Despite ever-changing fiscal levels since World War II, the Defense Department has sought to improve and maintain acceptable military installation housing conditions, and privatization remains a linchpin in those endeavors, an official said here Jan. 23.
Joseph K. Sikes, the Defense Department’s former director of housing and competitive sourcing, who began with base realignment and closure before joining the housing privatization office in 1996, recalled the program’s fledgling beginnings over five years.
Privatizing Base Housing
With about 200,000 of the DoD’s 300,000 houses in need of improvement, Sikes described the cultural change for base commanders and the private sector to own, maintain and improve base housing.
“We figured it would take 30 years to replace the houses and if you do that you’d never catch up, because the other ones would go bad and you’d never solve the problem,” Sikes said. “And we suspected it was about a $30 billion problem – which is a big chunk of the DoD budget.”
Members from the Air Force, Army and Navy began to assess the shortage and poor condition of base housing as directed by the centrally-run privatization office in the mid-90s, Sikes said.
“Everybody was furiously analyzing things at bases, but nobody wanted to be the first one out,” Sikes explained. “It was a learning process … so we dissolved the office, developed policy and made the services responsible for getting it underway.”
Upon seeing the successes of the first privatization projects at Fort Carson, Colorado, and Lackland Air Force Base, Texas, commanders soon realized the program could expedite project building and renovations more effectively than conventional military construction.
Subsequently, through the 1997 Authorization Bill, the department was able to transfer properties and grant loans to private sector owners, invest money in projects, and arrange conveyance or leasing of land. The program ultimately generated $31 billion of private capital, with a government investment of only $3.4 billion.
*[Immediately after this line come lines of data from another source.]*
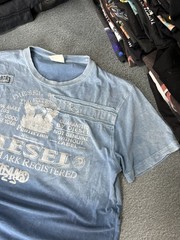 Diesel Sleeveless T-Shirt Men XL Blue Graphic Logo Distressed Cotton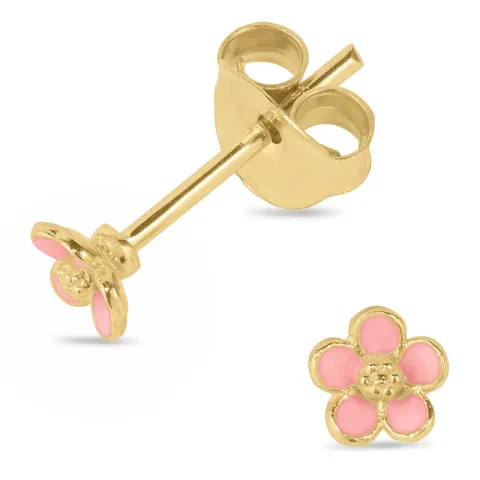 klein margriet pink oorsteker in verguld zilver - Majse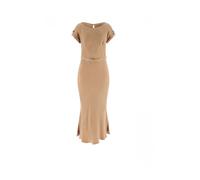 Guess - Robe Midi en mélange de viscose - Femme - Robes - Beige - Taille: 40 FR
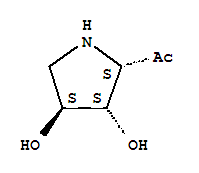(9ci)-1-[(2s,3s,4s)-3,4-二羟基-2-吡咯烷]-乙酮结构式_213314-75-1结构式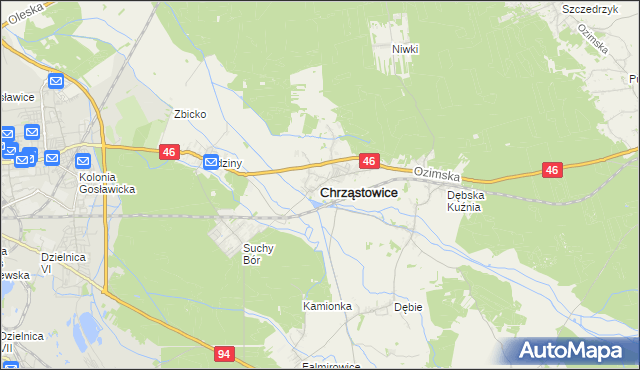 mapa Chrząstowice powiat opolski, Chrząstowice powiat opolski na mapie Targeo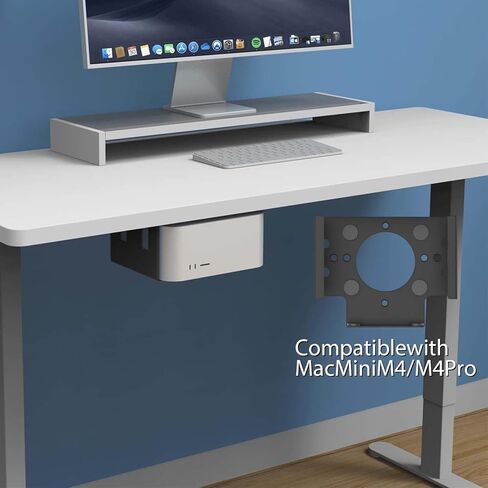 حامل كمبيوتر صغير، حامل كمبيوتر محمول تحت المكتب، لجهاز Mac mini M4 دعامة تثبيت معدنية متوافقة مع حامل تثبيت شاشة Mac M4 المضاد للخدش، مجموعة أدوات كاملة in Kuwait
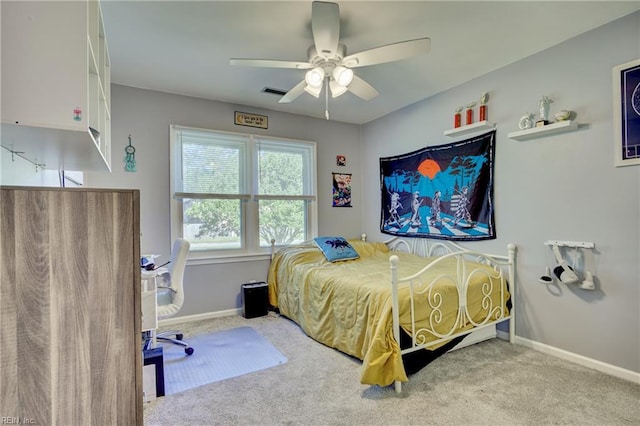 4217 Meadowgate Ct, Chesapeake, VA 23321 - bedroom featuring carpet, baseboards, and a ceiling fan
Today, the DoD has privatized more than 200,000 military housing units, including apartments, townhouses and even single family homes.
Looking to the Future
“The true test of housing privatization will be what condition (the homes) are in in 20 years,” Sikes said. “When we started it, all everybody wanted to do was to go take a picture out in front of the ribbon-cutting of the new house.”
But Sikes asserts that it’s necessary to assess how rents flowing into the projects contribute to all of the houses over time, not just what the DoD initially built.
“We need to watch that for the next 15-20 years,” Sikes said. “We do a long-term review of the projects to see what the income streams are like and how much money is being built up in the reinvestment account so they can replace them in the future.”
According to Sikes, about a third of the houses are healthy, particularly those in the coastal regions, because the rents are based on higher allowances. Some houses, he said, are average basic housing allowances while an additional third are remote with lower allowances.
Still, Sikes noted the Army, Navy and Air Force each have good portfolio oversight to monitor reinvestment, but a new threat to the process emerges when the housing money comes from bill-payers.
“When you’re doing the budget and it gets cut, which is amplified now under sequestration, what goes first is the money for the infrastructure,” Sikes said. “The beauty of privatization is that it gets out from under that because the money is coming into the allowance account and so therefore that’s safe.”
That is, until this year, when the DoD had a one percent decrease in basic housing allowances, which he said many expect will continue over time.
“When we started housing privatization there was about a 15 percent plus out of pocket in the allowance accounts,” Sikes said, adding that concurrently the DoD shifted to zero out-of-pocket allowances, which increased the amount of money in the projects and made them healthier. “If we start to go the other way, we can’t let the projects be affected by that -- because if we gradually reduce the income going into the projects, we’ll also reduce the quality of the houses.”
As such, Sikes said the services have all realized that families, not projects will need to absorb the 1 percent decrease. Pentagon officials, therefore, seek to ensure the housing quality is protected and fairly implemented to avoid disproportionate burdens based on DoD decisions relative to the bigger budget.
Ultimately, Sikes praised the “patriotic partners” in privatization, but said he wants to maintain long-term relationships to stabilize portfolios and ensure the agreements remain mutually beneficial for years to come.